LÖSUNG Das "Nahestehen" führt nicht automatisch zu einer vGA. Es muss immer noch die gesellschaftsrechtliche Veranlassung hinzukommen. Es besteht aber die Vermutung, dass die gesellschaftsrechtliche Beziehung zwischen G und K 1 die Vorteilszuwendung beeinflusst hat.
Je enger die Beziehung ist, umso schwerer wird die Vermutung zu widerlegen sein, das "Nahestehen" habe die Vorteilszuwendung beeinflusst.

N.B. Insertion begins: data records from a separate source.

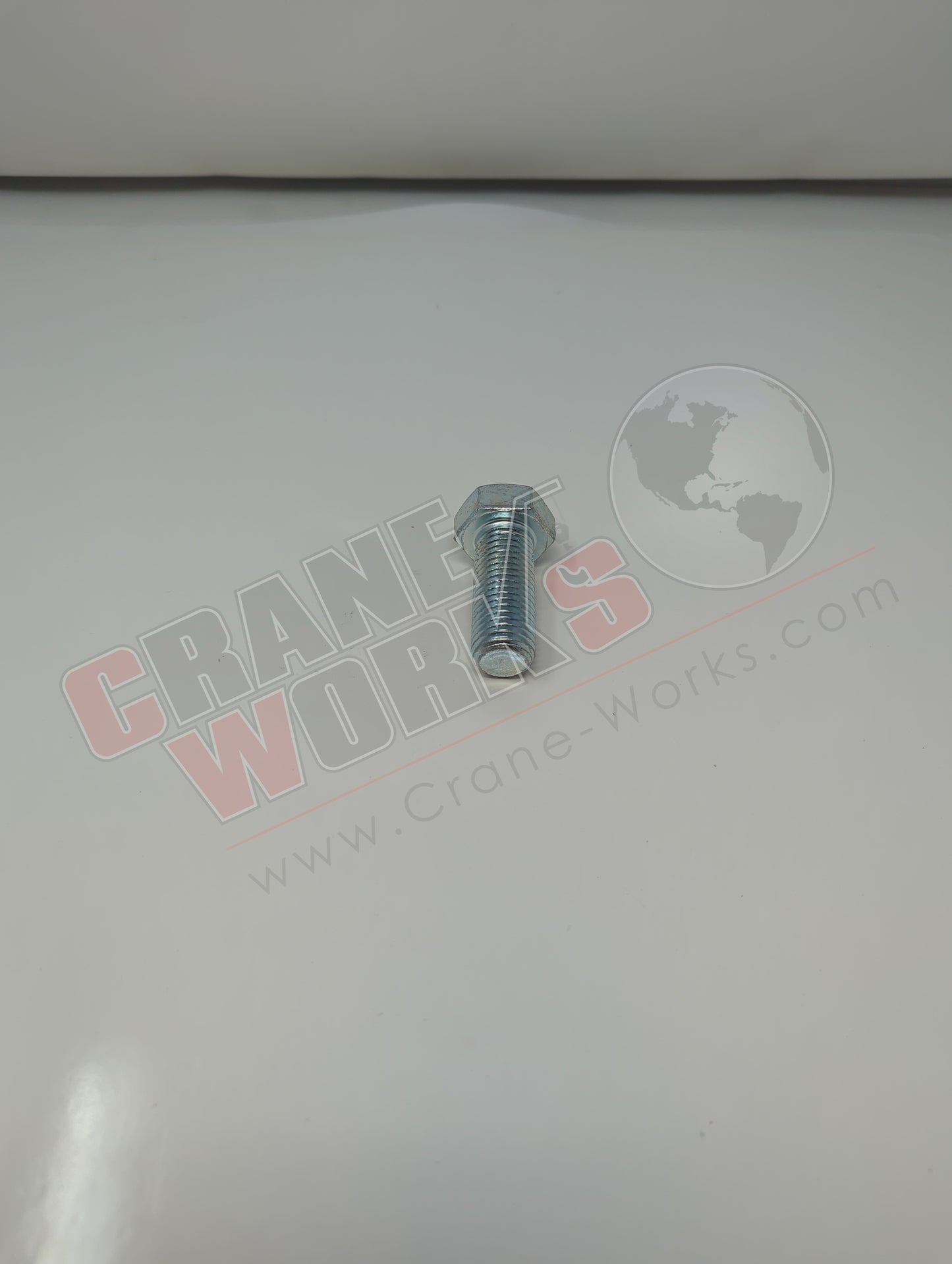 66115 | New Hhcs M20 X 50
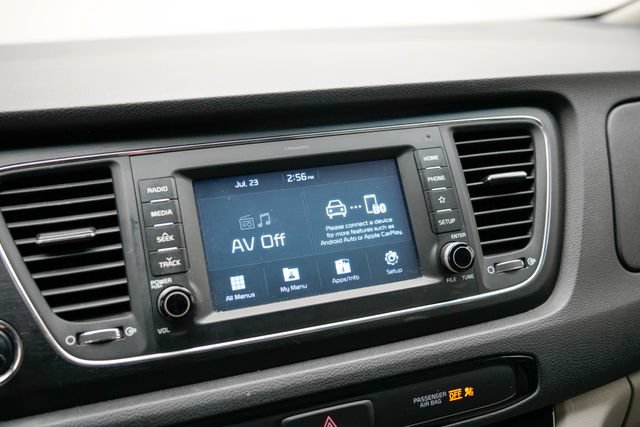 Used 2019 Kia Sedona EX FWD image 28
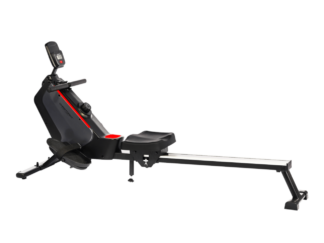 Sõudeergomeeter CHRISTOPEIT RW 1000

Gesellschafterin G der XY-GmbH schließt mit ihrem Schwager einen Anstellungsvertrag, wonach dieser als Monteur einen Arbeitslohn von 75 000 EUR erhält, obwohl seiner Ausbildung und seiner Berufserfahrung entsprechend ein fremder dritter Arbeitgeber maximal 55 000 EUR gezahlt hätte.
LÖSUNG Hier dürfte es der GmbH kaum gelingen nachzuweisen, dass die familiäre Beziehung keine Auswirkung auf das überhöhte Gehalt hat.
Fließt eine vGA einer Person zu, die einem Gesellschafter nahe steht, ist die vGA steuerrechtlich stets dem Gesellschafter als Einnahme zuzurechnen (§§ 11, 20 Abs. 1 Nr. 1 EStG). Es spielt keine Rolle, ob der Gesellschafter durch die vGA selbst einen Vermögensvorteil erlangt (BFH vom 18. 12. 1996 a. a. O.; BMF vom 20. 05. 1999 BStBl I 1999, 514).
In obigem Beispiel muss G eine vGA i. H. v. 20 000 EUR als Einnahme versteuern (§§ 11, 20 Abs. 1 Nr. 1 EStG).
Im Gegenzug muss konsequenterweise der Schwager nach § 19 EStG lediglich 55 000 EUR als Einnahme versteuern (keine doppelte Besteuerung des Vorteils).